Kemampuan untuk mewujudkan pilihan.
Ada
beberapa tahapan menuju pada kemampuan untuk mewujudkan pilihan dan
semua ini sekaligus merupakan tugas serta peranan kita sebagai pemerhati
remaja. Pertama, identifikasi talenta. Pada tahap ini remaja
memerlukan bimbingan agar ia dapat melihat bidang keahliannya dan
keterbatasannya. Saya menyarankan agar tes dan bimbingan bakat atau
karier diberikan kepada siswa selambat-lambatnya pada level SLTA II.
Pengenalan bakat akan memberi arah (sense of direction) kepada remaja dan menambah motivasi untuk menjadi seseorang orang berguna.
Kedua, persiapan yang realistik. Pada
tahap ini remaja membutuhkan pengarahan bagaimana mencapai target yang
diharapkan. Kata "realistik" saya gunakan untuk menegaskan perlunya
penentuan langkah yang dapat dicapai, bukan hanya yang ingin dicapai.

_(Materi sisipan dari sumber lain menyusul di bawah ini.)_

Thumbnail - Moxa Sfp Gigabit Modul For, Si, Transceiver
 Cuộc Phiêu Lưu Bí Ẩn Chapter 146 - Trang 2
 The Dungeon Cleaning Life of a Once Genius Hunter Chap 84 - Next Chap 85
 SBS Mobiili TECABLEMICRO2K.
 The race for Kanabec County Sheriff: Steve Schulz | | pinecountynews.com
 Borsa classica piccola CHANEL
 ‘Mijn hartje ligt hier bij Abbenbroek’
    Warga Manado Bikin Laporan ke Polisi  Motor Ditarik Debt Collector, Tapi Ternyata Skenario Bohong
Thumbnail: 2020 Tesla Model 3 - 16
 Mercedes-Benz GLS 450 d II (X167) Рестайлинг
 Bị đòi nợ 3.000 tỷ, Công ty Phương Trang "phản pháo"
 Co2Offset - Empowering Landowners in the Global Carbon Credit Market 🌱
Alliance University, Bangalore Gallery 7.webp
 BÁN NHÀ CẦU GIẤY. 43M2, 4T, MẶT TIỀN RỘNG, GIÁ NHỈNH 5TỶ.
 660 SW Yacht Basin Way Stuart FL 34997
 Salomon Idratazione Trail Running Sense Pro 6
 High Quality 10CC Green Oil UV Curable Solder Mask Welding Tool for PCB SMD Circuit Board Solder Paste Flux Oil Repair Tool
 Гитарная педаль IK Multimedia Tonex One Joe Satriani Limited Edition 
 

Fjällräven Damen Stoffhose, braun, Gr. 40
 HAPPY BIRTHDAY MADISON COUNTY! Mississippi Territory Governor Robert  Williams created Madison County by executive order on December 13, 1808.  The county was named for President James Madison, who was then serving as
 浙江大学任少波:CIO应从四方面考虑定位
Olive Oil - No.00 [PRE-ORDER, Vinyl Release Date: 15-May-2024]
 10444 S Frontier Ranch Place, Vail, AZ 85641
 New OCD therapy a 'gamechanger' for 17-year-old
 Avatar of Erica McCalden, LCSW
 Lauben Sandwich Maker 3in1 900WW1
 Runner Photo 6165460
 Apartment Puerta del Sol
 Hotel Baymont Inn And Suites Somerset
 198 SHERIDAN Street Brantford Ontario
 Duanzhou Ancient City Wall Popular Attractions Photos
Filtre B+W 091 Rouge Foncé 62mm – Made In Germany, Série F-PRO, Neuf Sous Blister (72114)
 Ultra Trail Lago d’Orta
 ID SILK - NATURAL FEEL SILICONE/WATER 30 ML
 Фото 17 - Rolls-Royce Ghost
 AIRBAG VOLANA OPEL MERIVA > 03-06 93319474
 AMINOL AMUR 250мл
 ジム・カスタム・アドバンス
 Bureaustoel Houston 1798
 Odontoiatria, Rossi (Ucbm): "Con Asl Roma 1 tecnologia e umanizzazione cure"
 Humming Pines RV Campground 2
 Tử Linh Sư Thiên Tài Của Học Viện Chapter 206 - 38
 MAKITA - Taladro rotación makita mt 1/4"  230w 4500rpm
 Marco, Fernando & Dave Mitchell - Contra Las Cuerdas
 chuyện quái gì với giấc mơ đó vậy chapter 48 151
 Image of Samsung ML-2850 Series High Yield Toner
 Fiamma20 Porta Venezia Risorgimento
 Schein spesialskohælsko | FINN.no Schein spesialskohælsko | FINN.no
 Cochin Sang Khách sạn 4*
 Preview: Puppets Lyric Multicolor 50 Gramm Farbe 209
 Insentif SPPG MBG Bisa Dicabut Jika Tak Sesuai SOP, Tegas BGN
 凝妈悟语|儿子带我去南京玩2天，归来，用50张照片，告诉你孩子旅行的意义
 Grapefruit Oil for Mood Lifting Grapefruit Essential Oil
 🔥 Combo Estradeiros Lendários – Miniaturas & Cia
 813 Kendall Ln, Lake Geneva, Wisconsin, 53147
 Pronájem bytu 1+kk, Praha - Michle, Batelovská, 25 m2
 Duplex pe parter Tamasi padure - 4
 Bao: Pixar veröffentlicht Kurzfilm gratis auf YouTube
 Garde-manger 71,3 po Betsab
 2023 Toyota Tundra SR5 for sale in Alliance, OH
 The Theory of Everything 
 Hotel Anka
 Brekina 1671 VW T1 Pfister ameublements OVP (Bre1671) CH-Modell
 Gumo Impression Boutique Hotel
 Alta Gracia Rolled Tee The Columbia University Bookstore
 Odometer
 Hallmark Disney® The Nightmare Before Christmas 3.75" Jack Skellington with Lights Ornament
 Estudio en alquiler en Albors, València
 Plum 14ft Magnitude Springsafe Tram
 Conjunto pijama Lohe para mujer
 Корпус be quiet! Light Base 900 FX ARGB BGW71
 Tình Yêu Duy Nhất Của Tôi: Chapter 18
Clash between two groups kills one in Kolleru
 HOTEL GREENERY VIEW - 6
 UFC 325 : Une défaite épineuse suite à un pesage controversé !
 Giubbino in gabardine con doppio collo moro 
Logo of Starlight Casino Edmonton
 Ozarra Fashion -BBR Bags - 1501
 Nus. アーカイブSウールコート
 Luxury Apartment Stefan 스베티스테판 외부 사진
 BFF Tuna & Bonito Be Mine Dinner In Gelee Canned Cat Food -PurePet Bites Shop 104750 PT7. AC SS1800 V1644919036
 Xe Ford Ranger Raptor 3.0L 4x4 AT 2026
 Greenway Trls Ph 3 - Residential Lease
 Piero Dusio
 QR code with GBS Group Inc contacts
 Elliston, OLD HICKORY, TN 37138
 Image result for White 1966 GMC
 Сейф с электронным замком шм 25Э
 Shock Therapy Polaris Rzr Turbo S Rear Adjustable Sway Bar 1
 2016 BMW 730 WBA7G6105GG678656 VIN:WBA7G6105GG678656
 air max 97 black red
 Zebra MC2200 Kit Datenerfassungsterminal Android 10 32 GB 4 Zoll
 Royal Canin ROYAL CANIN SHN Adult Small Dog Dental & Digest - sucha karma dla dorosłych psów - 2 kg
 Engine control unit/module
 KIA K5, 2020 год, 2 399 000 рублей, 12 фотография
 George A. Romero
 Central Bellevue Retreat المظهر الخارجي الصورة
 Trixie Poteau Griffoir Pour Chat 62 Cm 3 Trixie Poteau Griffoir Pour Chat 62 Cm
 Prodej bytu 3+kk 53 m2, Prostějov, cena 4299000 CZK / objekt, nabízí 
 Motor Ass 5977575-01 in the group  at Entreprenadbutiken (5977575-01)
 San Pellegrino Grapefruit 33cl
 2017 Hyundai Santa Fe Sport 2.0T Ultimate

Kesulitan biaya atau kurangnya dukungan keluarga sering kali merupakan
kendala yang membatasi kemampuan remaja merealisasikan pilihannya. Itu
sebabnya pembimbing remaja harus bekerja di dalam keterbatasan
ini, bukan di luarnya. Misalkan, jauh-jauh hari kita bisa menasehatinya
untuk tidak menikah pada usia muda agar ia dapat menabung untuk
sekolahnya kelak. Dengan kata lain, pada tahap ini, remaja perlu
menerima bimbingan untuk mulai merencanakan masa depannya. Masa depan
yang jelas dan bermakna harus diawali oleh perencanaan dan persiapan
yang matang.
Terakhir, pengambilan langkah bertangga.
bagi yang memiliki dukungan keluarga dan finansial, pengambilan
langkah dapat dilaksanakan secara serentak. bagi yang tidak mempunyai
dukungan-dukungan ini, acap kali pengambilan langkah harus dilakukan
secara bertahap—bak menaiki anak tangga. Misalkan, jika remaja tidak
mempunyai kemampuan finansial untuk memasuki perguruan tinggi, kita bisa
menyarankannya untuk memulai langkah ke sana (ke perguruan tinggi)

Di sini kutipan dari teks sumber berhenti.